* Requirement:
Copy exactly the lines from the start of the data below through the one that carries "BJP vs Congress", and only those.
*** Block opens ***
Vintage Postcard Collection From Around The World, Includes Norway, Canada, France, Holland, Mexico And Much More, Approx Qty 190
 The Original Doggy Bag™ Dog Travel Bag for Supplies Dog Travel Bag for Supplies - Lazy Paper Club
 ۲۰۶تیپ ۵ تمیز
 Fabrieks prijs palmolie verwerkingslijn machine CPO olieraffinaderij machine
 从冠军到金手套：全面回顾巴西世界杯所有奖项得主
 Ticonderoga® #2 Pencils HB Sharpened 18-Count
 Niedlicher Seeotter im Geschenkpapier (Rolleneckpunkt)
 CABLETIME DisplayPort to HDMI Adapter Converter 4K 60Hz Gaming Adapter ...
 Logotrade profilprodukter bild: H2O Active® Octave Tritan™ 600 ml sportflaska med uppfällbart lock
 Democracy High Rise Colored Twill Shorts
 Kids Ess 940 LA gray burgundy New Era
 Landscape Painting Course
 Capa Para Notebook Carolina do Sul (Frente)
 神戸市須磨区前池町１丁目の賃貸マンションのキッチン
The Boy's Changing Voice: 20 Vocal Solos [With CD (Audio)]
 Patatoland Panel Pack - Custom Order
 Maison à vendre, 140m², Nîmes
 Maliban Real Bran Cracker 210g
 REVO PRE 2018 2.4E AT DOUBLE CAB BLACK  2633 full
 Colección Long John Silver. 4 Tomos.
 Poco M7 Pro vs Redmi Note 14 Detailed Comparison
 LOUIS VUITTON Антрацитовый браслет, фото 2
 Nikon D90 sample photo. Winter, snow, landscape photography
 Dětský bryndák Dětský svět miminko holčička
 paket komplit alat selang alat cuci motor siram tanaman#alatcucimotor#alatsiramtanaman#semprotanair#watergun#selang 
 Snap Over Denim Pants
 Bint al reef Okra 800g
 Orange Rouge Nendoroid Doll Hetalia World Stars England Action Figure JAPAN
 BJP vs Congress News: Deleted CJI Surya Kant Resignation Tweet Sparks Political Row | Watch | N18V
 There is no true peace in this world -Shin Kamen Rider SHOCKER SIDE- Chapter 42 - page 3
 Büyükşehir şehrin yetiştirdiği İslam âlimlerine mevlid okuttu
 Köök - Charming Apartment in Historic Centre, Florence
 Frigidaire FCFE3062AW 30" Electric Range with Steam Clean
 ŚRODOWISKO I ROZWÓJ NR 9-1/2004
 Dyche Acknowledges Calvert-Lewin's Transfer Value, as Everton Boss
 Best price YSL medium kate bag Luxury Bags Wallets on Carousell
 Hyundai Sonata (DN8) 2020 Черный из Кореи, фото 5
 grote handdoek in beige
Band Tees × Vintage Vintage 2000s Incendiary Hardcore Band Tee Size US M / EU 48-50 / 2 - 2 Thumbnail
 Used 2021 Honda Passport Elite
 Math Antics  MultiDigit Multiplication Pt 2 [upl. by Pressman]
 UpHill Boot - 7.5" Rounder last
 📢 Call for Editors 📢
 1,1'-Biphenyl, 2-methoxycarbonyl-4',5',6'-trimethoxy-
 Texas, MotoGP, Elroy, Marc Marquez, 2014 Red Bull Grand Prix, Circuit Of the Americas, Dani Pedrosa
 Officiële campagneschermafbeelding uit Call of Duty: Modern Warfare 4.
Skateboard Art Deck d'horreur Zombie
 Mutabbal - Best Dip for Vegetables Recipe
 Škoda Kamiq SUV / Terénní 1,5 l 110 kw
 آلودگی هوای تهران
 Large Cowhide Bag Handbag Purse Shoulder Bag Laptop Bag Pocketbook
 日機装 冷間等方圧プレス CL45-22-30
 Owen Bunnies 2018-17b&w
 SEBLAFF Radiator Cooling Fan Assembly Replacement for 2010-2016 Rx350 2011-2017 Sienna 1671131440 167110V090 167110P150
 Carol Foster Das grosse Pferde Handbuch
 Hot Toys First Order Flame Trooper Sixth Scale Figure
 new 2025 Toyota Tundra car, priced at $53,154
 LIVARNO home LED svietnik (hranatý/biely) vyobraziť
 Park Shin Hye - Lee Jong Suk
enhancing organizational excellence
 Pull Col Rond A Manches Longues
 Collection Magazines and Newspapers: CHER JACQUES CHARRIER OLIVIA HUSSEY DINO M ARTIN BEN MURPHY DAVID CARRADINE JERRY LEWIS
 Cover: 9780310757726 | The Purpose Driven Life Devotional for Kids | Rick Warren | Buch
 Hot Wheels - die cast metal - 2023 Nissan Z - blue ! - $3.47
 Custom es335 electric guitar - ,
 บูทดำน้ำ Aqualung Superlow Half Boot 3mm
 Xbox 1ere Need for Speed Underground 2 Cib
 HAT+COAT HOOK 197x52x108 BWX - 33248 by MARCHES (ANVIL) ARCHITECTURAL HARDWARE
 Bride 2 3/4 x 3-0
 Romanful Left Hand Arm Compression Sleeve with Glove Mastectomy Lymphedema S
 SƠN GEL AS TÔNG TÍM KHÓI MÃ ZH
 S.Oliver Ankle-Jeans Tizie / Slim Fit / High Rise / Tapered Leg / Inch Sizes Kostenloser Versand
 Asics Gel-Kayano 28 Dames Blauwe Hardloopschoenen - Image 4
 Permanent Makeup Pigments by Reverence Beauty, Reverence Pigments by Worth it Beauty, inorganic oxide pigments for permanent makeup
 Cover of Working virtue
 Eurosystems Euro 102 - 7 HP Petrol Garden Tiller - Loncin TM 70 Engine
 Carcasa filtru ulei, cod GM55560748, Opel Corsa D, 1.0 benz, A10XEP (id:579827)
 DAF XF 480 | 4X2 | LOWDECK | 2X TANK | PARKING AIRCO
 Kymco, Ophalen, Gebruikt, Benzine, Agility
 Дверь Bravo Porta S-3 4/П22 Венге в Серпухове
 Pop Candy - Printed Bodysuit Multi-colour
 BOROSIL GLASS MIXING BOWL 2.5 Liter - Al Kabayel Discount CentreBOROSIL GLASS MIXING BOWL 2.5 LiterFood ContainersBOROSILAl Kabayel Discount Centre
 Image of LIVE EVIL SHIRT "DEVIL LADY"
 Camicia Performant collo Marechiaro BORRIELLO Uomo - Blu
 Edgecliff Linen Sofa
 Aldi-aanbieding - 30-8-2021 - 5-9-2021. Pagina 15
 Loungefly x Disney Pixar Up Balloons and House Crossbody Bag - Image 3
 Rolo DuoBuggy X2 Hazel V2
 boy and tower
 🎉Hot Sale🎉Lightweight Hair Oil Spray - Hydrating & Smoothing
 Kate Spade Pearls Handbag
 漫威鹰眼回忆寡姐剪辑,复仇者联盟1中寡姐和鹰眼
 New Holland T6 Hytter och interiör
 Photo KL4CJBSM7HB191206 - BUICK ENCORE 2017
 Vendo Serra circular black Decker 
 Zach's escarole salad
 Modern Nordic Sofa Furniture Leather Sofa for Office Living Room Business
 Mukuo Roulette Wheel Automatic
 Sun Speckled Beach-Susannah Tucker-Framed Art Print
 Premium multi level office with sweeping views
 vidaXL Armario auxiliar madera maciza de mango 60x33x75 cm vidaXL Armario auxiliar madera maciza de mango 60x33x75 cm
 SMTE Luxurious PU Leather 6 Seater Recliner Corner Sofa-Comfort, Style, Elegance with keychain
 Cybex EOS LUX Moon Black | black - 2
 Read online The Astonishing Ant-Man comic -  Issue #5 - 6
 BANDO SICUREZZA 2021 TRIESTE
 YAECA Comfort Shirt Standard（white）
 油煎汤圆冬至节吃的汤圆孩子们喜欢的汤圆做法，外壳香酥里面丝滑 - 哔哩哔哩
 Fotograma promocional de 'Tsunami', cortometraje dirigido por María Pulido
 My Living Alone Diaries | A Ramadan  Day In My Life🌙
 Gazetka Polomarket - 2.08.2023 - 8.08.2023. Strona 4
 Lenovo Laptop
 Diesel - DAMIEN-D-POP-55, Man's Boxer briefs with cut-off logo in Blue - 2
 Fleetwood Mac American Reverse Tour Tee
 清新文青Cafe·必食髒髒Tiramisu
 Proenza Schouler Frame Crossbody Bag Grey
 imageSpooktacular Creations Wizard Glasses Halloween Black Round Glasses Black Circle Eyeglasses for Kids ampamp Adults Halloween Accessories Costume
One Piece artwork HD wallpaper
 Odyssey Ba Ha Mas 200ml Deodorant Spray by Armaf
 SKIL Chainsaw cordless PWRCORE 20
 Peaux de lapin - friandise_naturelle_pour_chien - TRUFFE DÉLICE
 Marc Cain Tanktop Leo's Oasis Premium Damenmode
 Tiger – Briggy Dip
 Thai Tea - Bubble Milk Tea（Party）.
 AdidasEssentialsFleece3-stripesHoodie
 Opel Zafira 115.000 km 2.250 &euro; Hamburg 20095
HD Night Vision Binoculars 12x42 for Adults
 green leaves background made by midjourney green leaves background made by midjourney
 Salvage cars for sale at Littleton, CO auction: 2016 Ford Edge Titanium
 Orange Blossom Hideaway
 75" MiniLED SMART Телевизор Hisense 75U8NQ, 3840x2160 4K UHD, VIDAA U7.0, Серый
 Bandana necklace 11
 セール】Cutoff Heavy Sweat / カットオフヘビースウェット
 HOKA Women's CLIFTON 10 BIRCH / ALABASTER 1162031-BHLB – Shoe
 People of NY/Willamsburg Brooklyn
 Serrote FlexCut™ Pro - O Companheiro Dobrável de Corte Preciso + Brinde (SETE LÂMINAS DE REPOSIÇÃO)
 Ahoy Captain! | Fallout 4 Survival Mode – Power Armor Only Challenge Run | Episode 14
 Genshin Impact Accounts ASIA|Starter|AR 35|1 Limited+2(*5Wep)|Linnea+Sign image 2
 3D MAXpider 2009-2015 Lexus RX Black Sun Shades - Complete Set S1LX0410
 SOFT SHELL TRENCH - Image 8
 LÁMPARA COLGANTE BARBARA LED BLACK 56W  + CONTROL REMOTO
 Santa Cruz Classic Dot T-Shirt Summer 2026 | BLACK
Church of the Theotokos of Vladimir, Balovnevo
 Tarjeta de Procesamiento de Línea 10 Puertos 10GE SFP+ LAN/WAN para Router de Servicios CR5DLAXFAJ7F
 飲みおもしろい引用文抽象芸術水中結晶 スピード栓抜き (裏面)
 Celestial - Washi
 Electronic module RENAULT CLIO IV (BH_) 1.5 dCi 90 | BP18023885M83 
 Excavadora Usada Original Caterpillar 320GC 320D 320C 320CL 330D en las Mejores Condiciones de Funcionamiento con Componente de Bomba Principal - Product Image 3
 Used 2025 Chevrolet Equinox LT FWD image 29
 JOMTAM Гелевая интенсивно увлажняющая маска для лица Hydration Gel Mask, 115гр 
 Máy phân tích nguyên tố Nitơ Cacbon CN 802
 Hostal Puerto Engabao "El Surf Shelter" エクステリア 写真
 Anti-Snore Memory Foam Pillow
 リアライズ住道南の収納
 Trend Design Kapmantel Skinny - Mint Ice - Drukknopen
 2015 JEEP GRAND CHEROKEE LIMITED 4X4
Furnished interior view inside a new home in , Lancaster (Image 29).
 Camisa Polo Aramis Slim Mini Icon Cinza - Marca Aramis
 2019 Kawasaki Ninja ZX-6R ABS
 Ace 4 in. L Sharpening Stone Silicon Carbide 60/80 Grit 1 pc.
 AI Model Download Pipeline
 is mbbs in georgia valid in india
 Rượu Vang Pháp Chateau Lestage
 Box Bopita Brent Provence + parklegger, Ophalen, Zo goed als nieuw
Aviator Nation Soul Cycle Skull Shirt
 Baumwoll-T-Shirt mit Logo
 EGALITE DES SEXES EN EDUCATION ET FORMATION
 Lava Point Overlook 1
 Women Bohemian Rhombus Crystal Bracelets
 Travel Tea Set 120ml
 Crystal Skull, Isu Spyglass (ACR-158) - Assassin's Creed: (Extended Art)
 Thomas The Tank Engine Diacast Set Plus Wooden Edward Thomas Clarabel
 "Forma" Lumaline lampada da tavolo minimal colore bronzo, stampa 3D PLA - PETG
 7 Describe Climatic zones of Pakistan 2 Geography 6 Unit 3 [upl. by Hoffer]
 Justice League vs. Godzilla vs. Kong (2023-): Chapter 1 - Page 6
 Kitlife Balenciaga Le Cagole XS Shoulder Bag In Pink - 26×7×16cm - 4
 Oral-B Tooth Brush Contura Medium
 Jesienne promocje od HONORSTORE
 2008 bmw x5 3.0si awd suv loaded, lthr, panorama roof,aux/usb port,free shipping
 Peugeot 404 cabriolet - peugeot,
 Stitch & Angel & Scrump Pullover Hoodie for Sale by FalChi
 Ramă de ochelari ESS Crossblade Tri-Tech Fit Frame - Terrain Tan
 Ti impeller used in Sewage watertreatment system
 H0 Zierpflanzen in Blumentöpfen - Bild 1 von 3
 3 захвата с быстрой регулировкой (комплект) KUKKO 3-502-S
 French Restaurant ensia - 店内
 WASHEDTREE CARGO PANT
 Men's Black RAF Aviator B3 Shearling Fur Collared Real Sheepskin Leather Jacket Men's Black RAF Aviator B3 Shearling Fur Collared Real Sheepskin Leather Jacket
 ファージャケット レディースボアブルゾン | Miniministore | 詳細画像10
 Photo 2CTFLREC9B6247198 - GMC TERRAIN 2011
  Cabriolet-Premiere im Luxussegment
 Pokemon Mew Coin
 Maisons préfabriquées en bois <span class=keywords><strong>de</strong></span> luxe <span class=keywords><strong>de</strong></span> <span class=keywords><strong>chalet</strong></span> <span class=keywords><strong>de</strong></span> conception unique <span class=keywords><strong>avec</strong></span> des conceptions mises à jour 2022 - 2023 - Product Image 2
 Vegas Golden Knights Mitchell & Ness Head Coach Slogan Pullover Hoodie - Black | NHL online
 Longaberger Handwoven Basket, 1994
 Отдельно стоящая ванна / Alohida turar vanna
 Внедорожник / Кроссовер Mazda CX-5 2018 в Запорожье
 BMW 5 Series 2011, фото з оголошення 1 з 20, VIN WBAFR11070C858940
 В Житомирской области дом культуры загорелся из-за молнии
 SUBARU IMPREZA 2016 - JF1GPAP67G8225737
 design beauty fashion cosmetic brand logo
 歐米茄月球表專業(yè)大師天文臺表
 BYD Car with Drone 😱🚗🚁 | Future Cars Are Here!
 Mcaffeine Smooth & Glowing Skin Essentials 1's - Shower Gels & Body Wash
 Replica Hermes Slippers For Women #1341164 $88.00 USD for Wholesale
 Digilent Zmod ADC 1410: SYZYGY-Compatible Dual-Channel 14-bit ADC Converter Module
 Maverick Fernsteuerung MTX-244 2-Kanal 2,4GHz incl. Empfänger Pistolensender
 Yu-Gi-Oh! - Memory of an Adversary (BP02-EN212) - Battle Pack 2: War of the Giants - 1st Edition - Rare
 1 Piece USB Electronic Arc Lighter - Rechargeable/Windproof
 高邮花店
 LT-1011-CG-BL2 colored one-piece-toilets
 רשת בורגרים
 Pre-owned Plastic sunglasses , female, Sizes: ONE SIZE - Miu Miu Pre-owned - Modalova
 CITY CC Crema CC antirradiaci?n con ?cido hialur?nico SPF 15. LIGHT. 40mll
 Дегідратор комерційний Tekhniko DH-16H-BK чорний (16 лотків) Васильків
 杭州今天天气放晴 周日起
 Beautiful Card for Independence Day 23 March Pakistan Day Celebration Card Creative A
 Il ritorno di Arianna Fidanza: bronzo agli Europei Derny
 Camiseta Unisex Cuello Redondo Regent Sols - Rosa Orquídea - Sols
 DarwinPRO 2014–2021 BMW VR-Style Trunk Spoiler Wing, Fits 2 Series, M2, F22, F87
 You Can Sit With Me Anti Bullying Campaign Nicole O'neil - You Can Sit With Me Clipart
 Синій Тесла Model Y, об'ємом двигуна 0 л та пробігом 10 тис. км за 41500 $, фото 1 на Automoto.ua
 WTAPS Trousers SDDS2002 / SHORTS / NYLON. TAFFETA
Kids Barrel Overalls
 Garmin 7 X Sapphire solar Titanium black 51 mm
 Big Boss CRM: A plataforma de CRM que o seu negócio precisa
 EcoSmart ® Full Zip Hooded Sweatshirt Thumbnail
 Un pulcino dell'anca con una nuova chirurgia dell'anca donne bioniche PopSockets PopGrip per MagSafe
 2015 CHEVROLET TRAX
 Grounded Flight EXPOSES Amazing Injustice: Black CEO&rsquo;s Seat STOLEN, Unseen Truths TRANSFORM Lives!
*** Block closes ***
* Task result:
Vintage Postcard Collection From Around The World, Includes Norway, Canada, France, Holland, Mexico And Much More, Approx Qty 190
 The Original Doggy Bag™ Dog Travel Bag for Supplies Dog Travel Bag for Supplies - Lazy Paper Club
 ۲۰۶تیپ ۵ تمیز
 Fabrieks prijs palmolie verwerkingslijn machine CPO olieraffinaderij machine
 从冠军到金手套：全面回顾巴西世界杯所有奖项得主
 Ticonderoga® #2 Pencils HB Sharpened 18-Count
 Niedlicher Seeotter im Geschenkpapier (Rolleneckpunkt)
 CABLETIME DisplayPort to HDMI Adapter Converter 4K 60Hz Gaming Adapter ...
 Logotrade profilprodukter bild: H2O Active® Octave Tritan™ 600 ml sportflaska med uppfällbart lock
 Democracy High Rise Colored Twill Shorts
 Kids Ess 940 LA gray burgundy New Era
 Landscape Painting Course
 Capa Para Notebook Carolina do Sul (Frente)
 神戸市須磨区前池町１丁目の賃貸マンションのキッチン
The Boy's Changing Voice: 20 Vocal Solos [With CD (Audio)]
 Patatoland Panel Pack - Custom Order
 Maison à vendre, 140m², Nîmes
 Maliban Real Bran Cracker 210g
 REVO PRE 2018 2.4E AT DOUBLE CAB BLACK  2633 full
 Colección Long John Silver. 4 Tomos.
 Poco M7 Pro vs Redmi Note 14 Detailed Comparison
 LOUIS VUITTON Антрацитовый браслет, фото 2
 Nikon D90 sample photo. Winter, snow, landscape photography
 Dětský bryndák Dětský svět miminko holčička
 paket komplit alat selang alat cuci motor siram tanaman#alatcucimotor#alatsiramtanaman#semprotanair#watergun#selang 
 Snap Over Denim Pants
 Bint al reef Okra 800g
 Orange Rouge Nendoroid Doll Hetalia World Stars England Action Figure JAPAN
 BJP vs Congress News: Deleted CJI Surya Kant Resignation Tweet Sparks Political Row | Watch | N18V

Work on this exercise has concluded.